今年初めて100位台に入り新たな景色が見えてきた内田。全米オープン予選2回戦は現地8月25日に行なわれる(写真は全米予選会場にて)。写真:内田暁

今年初めて100位台に入り新たな景色が見えてきた内田。全米オープン予選2回戦は現地8月25日に行なわれる(写真は全米予選会場にて)。写真:内田暁

 コロナ禍でツアー転戦が困難だった時期も、彼は「逆にチャンスだなと思った」という。

「多くの選手が行けない、行きたくない状況で、どんどんチャレンジしていったら、誰かが僕を見てくれるんじゃないかって。
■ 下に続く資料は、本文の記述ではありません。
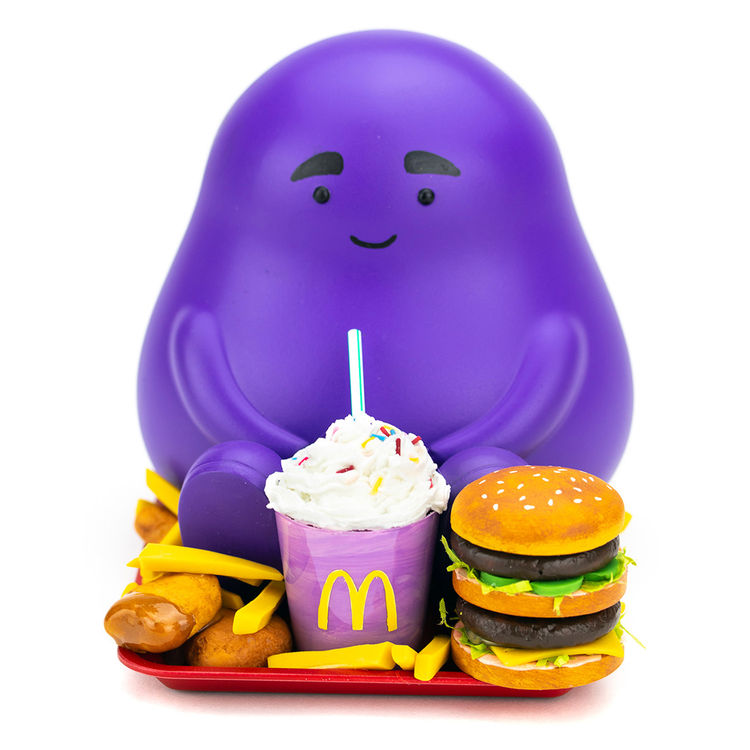 Happy “Birthday” Meal by Zard Apuya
人と違うことに挑戦しようと思ったので、他の選手が行かないことがモチベーションになったと思うんです」

 ちょっと捻くれた考え方なので――そう言うと彼はまた、口の片端を上げ、目には悪戯っぽい光を湛えて笑った。

 初めてランキング100位台に入ったのは、今年6月のこと。ポルトガルのATPチャレンジャー(下部大会)で優勝し、メキシコのATP250では予選を突破し本戦の舞台も踏んだ。
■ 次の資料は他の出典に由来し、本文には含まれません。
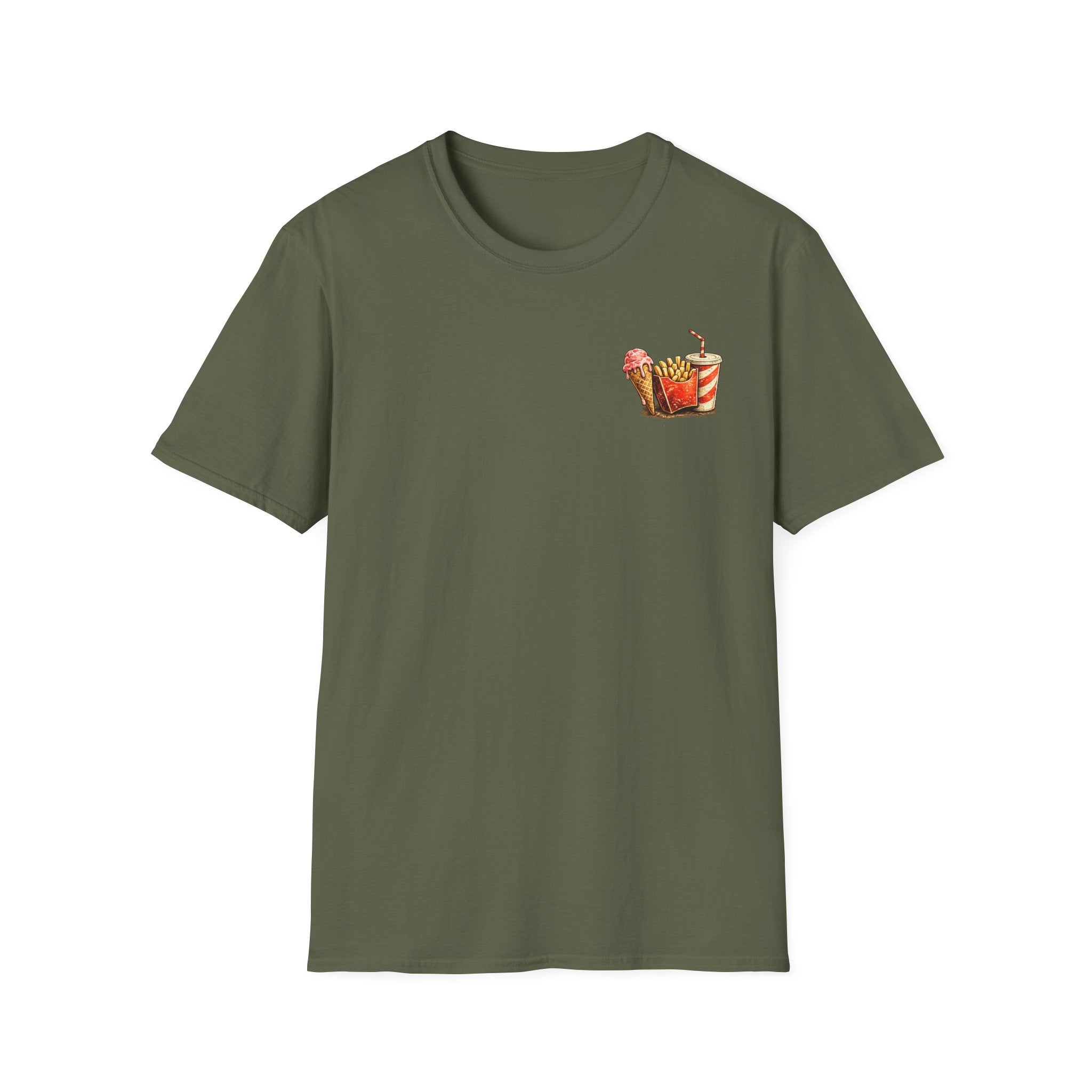 Vintage Dad Tax Graphic T-Shirt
 こうなると周囲は突如、「最近好調だね」「何か変えたの?」と尋ねてくる。

 だが内田は、「何も変えてませんよ」とサラリと応じた。

「いろんな国で、いろんな選手とやってると、いろんな自信もついてくる。もともと自分のテニスには自信があったんで、こうやって周っていれば、どこかで必ずチャンスは巡って来ると思っていた。それがやっと、少し花が咲いた感じですね」

 それは、歩みを止めなければわずかでも必ず前進するという、内田にとっては、あまりに当然の摂理だった。彼が「人と違う」道を選んでいるように見えるのは、他の人が逸れていくだけで、彼の歩みはどこまでもまっすぐだ。
 
 グランドスラム予選に出られる今の地位は、長年、目指してきた場所ではある。ただ当然ながら、ここがゴールではない。

「本戦に出て勝つことが目標なので、ぜんぜん、そこに達してない。みんな『調子いいね、乗っているね』と言ってくれてるけれど、ぜんぜんそうは感じてないので」
 
 ジュニア時代に公言した夢は、「すべてのグランドスラムと、オリンピックでも優勝する」こと。
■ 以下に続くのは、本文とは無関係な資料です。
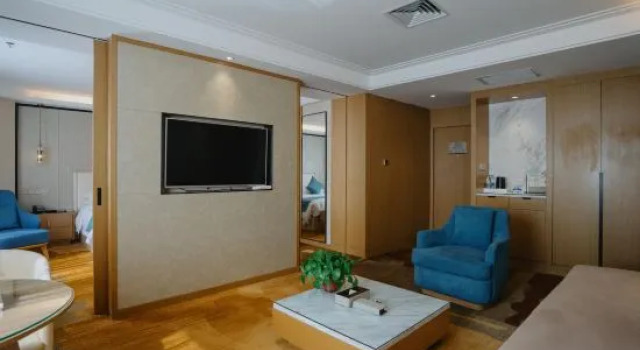 Номер Business Zhengyang International Hotel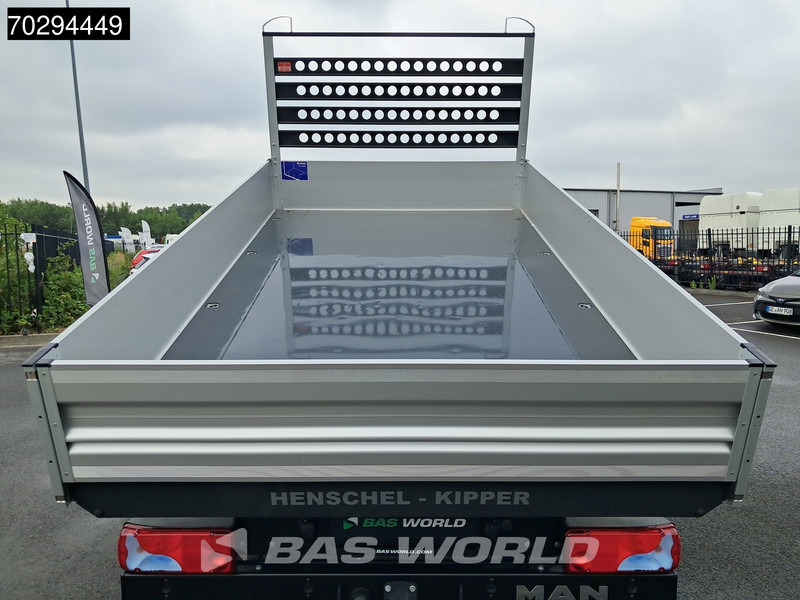 Volkswagen Crafter 177pk Neu! Dreiseitenkipper Automatik 2025 Facelift 180PS AHK LED Klima Tempomat Navi ACC Euro6 Kieper 3m3 - Kipper bestelwagen: afbeelding 3 Volkswagen Crafter 177pk Neu! Dreiseitenkipper Automatik 2025 Facelift 180PS AHK LED Klima Tempomat Navi ACC Euro6 Kieper 3m3 - Kipper bestelwagen: afbeelding 3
 それは、ほぼ不可能な夢ではあるが、「限りなくゼロでも、可能性があるうちは目指す“べき”だと僕は思っている」と彼は言った。「べき」と口に出したとき、自ずと音に熱がこもる。

「応援してくれる人もいるので、チャレンジするべきだなと思っているので」。

 それらの思いも受け止め、戦い続けること――それが内田曰く、「僕なりのポリシー」だ。